_What is expected_
Set down exactly the lines that run from the one containing "Dewey Decibel FlipOut Guitar Blue | Reverb" to the end of the material below, both included, without pictures.

Top of Raw data

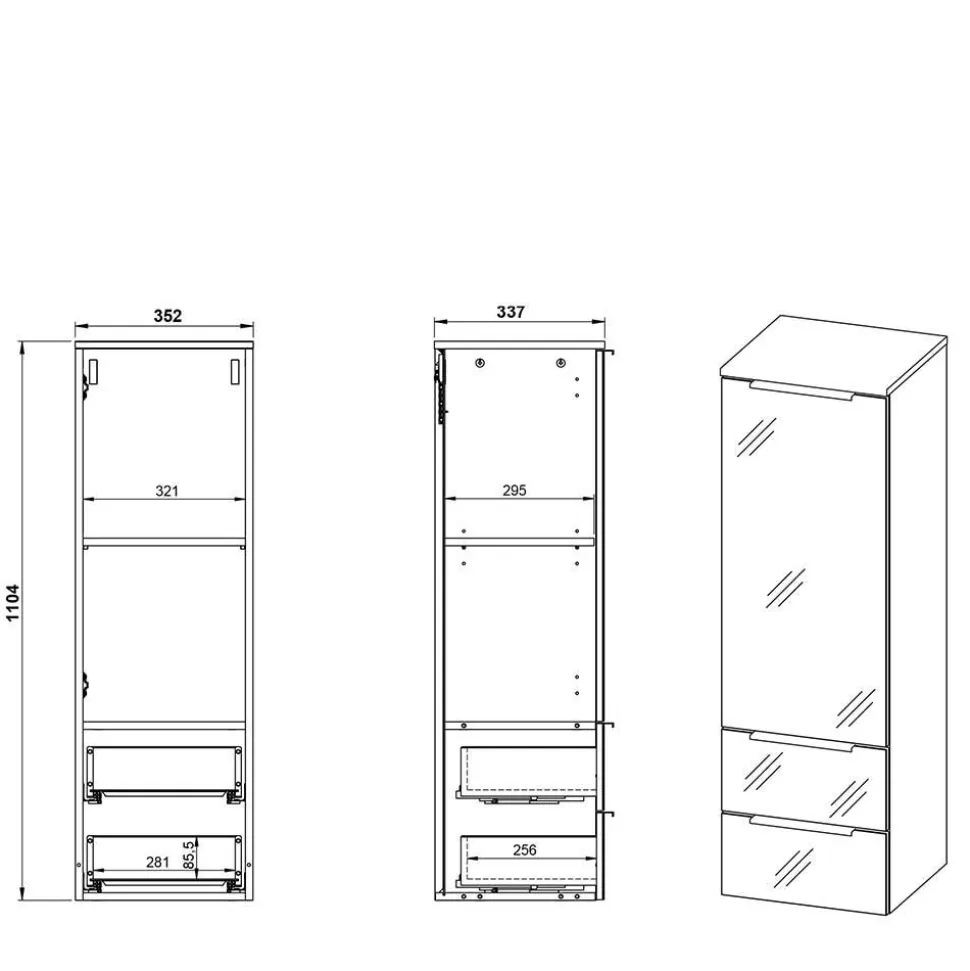 Badezimmer Hängeschrank Classicana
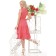 Women's dress "Thin feelings", size 50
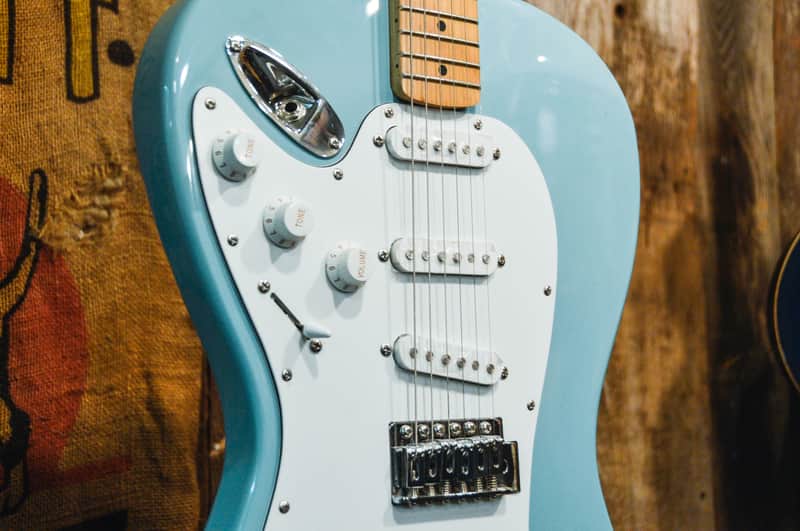 Dewey Decibel FlipOut Guitar Blue | Reverb
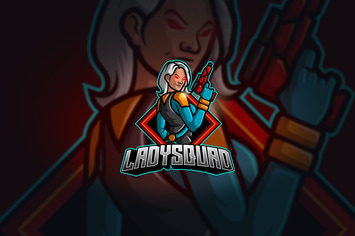 Lady Squad - Mascot & Esport Logo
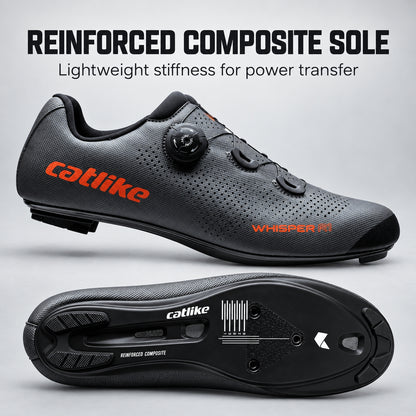 Catlike Whisper R1 Road Cycling Shoes - Grey | EU 39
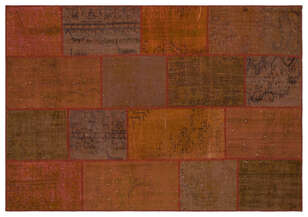 Apex Patchwork Unique Turuncu 33905 160 cm X 230 cm (1)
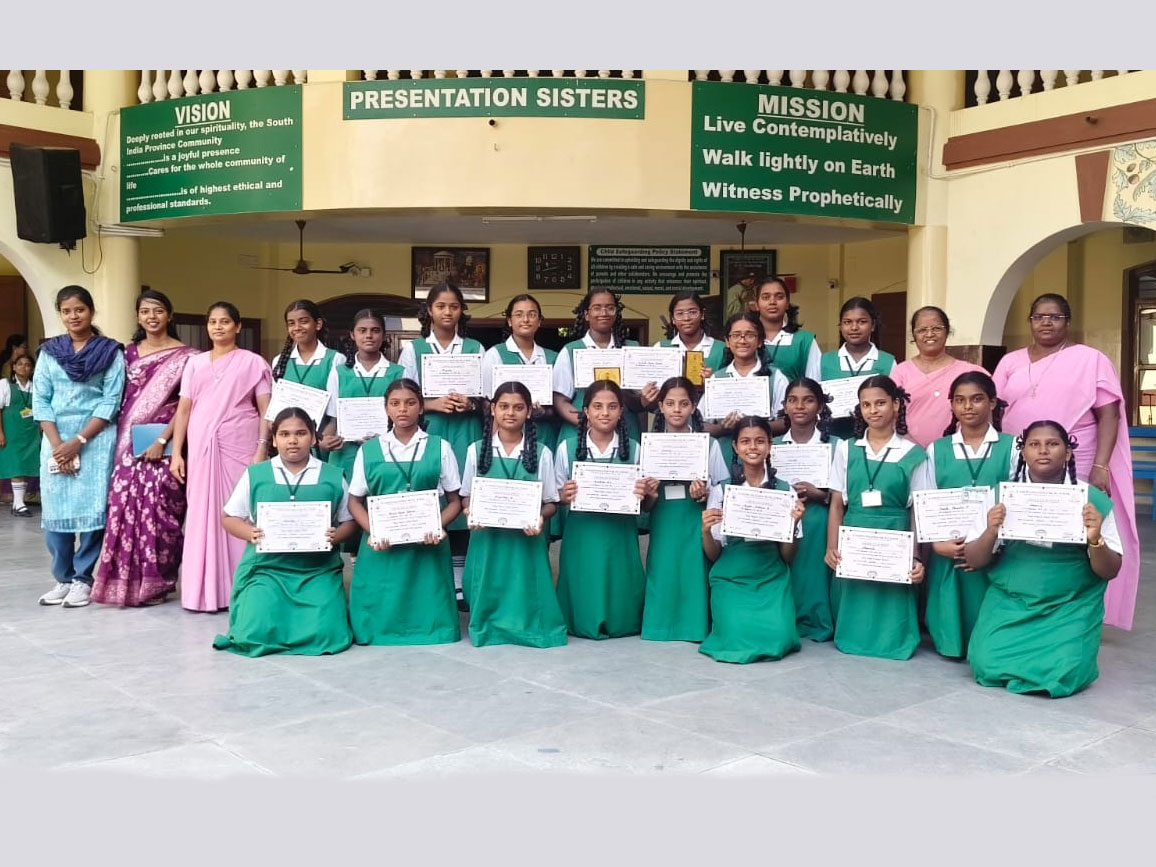 Secured 2 Place in Inter-School Dramatics Competition on theme "Nano Nagle in Today's World"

Bottom of Raw data

_Your response_
 Dewey Decibel FlipOut Guitar Blue | Reverb
 Lady Squad - Mascot & Esport Logo
 Catlike Whisper R1 Road Cycling Shoes - Grey | EU 39
 Apex Patchwork Unique Turuncu 33905 160 cm X 230 cm (1)
 Secured 2 Place in Inter-School Dramatics Competition on theme "Nano Nagle in Today's World"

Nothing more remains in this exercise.